TASK TO COMPLETE = After locating the line that contains "Prodej Byt Carvalhal" in the following entries, reproduce it and each later line exactly, including the last.

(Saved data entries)

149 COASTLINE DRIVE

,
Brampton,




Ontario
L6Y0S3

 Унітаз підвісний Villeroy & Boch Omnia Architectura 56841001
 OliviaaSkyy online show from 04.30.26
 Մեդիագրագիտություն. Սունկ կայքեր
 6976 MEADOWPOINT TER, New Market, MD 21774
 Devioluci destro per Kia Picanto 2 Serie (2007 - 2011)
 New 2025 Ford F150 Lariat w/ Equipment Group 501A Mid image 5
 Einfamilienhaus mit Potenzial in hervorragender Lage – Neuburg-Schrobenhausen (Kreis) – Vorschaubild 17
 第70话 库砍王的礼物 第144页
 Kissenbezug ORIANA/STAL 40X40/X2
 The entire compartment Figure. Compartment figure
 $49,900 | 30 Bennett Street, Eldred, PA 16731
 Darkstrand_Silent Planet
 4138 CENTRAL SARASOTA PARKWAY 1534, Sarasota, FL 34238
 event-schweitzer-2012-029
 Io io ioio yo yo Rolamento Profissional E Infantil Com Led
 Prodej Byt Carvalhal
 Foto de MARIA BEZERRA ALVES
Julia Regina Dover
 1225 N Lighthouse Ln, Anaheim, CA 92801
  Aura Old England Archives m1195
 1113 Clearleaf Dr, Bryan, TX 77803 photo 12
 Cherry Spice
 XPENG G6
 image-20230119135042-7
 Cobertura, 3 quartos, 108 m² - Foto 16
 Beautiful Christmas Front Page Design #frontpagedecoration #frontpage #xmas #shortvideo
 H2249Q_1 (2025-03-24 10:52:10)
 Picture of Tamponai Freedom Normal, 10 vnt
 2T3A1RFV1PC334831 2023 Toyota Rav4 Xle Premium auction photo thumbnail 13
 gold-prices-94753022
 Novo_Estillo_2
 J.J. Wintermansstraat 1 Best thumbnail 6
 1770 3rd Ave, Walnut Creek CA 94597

EXERCISE ANSWER =
 Prodej Byt Carvalhal
 Foto de MARIA BEZERRA ALVES
Julia Regina Dover
 1225 N Lighthouse Ln, Anaheim, CA 92801
  Aura Old England Archives m1195
 1113 Clearleaf Dr, Bryan, TX 77803 photo 12
 Cherry Spice
 XPENG G6
 image-20230119135042-7
 Cobertura, 3 quartos, 108 m² - Foto 16
 Beautiful Christmas Front Page Design #frontpagedecoration #frontpage #xmas #shortvideo
 H2249Q_1 (2025-03-24 10:52:10)
 Picture of Tamponai Freedom Normal, 10 vnt
 2T3A1RFV1PC334831 2023 Toyota Rav4 Xle Premium auction photo thumbnail 13
 gold-prices-94753022
 Novo_Estillo_2
 J.J. Wintermansstraat 1 Best thumbnail 6
 1770 3rd Ave, Walnut Creek CA 94597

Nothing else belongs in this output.